First, you may have noticed that the whiskers do not have caps on
them, as they do in base R. This is a matter of personal preference, but
if capless whiskers look “off” to you, then you can work around it using
stat_boxplot
.
stat_
functions are another group of
functions for creating layers based on statistical properties of the
data. Another example is stat_summary
,
which we use in the example below to add means to the boxplot.
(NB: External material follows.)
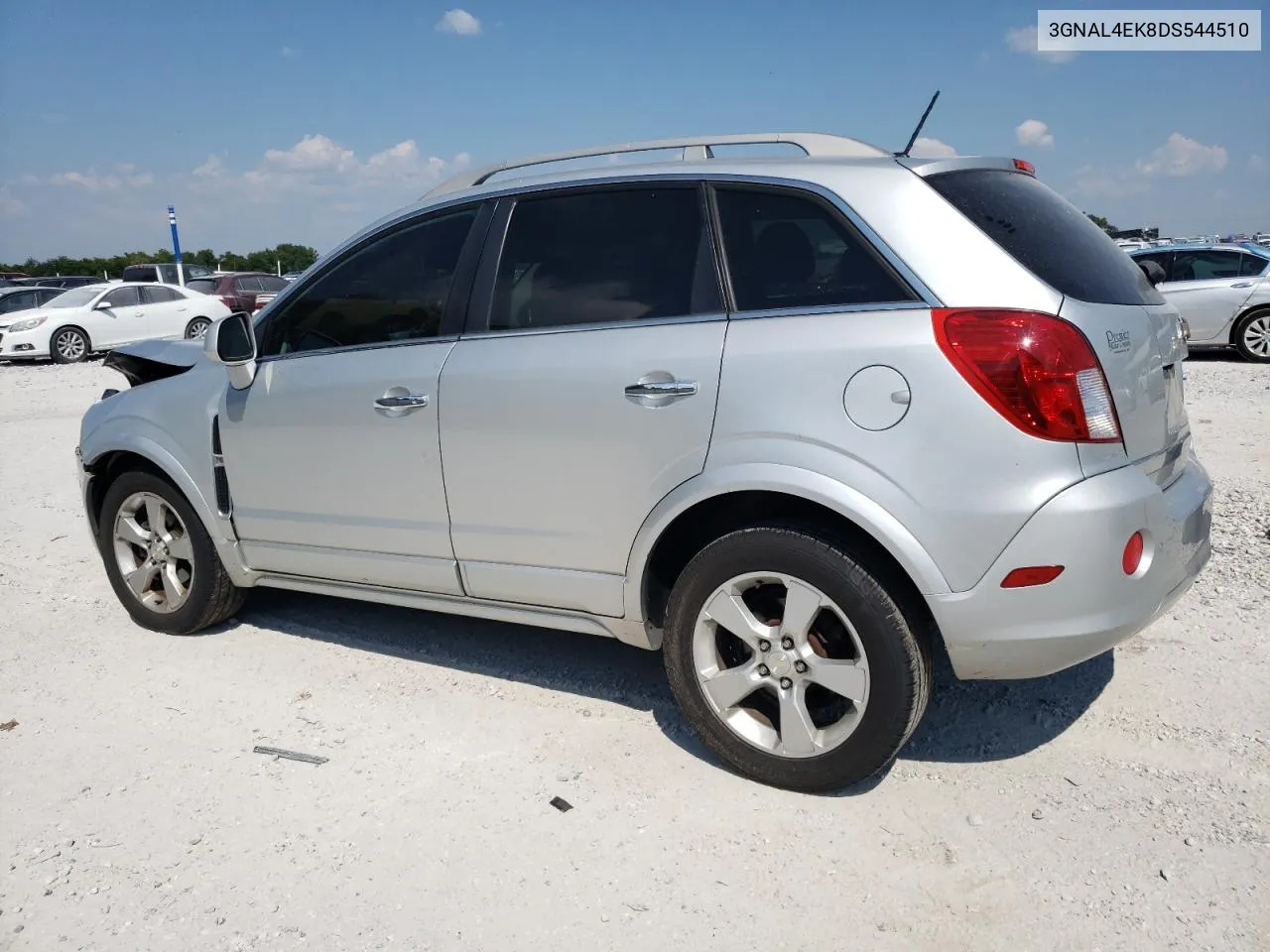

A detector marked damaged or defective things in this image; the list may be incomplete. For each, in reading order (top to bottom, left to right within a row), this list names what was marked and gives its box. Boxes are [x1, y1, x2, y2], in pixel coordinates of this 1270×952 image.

damaged silver suv [76, 132, 1208, 791] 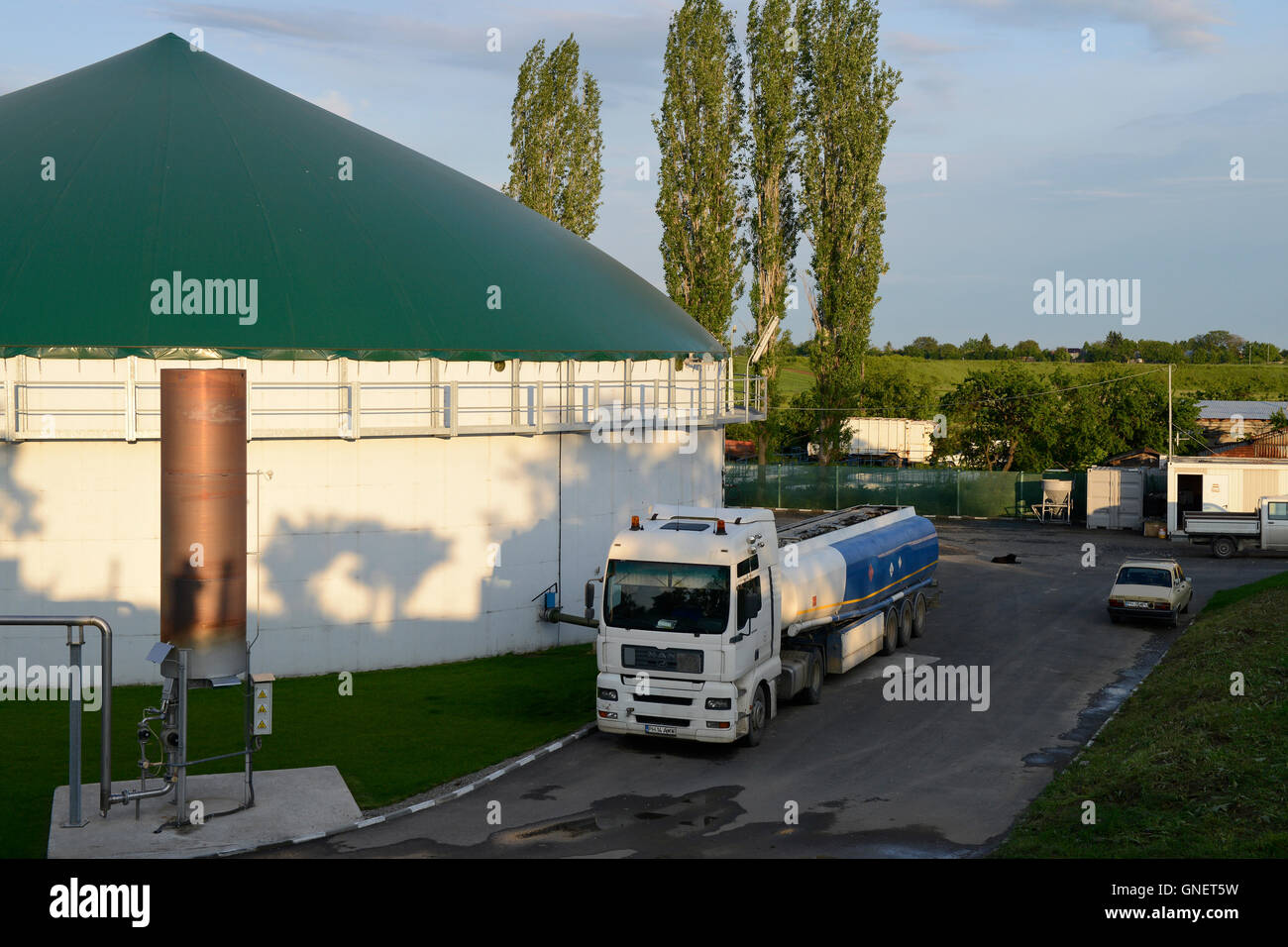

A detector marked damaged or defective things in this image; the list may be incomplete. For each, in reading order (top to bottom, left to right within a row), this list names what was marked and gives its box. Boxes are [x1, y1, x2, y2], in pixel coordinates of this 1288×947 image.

# add error bars and other stat summaries (e.g., mean) to boxplot
ggplot(soil, aes(x=Contour, y=pH)) +
stat_boxplot(geom="errorbar", width=0.2) +
stat_boxplot() +
stat_summary(fun=mean,geom="point",size=5, color="black")
Interestingly, there is generally a way to add just about any graphical element using either “stat_” or “geom_” functions. It’s a good idea to play around with both!
Several analytical packages come with their own plotting functions that produce some very nice visualizations. There are dozens out there, but a few of them are visreg for regression plots, corrplot (and its ggplot counterpart, ggcorrplot) for graphical presentation of correlation matrices, and rpart.plot as a companion to the decision tree package rpart.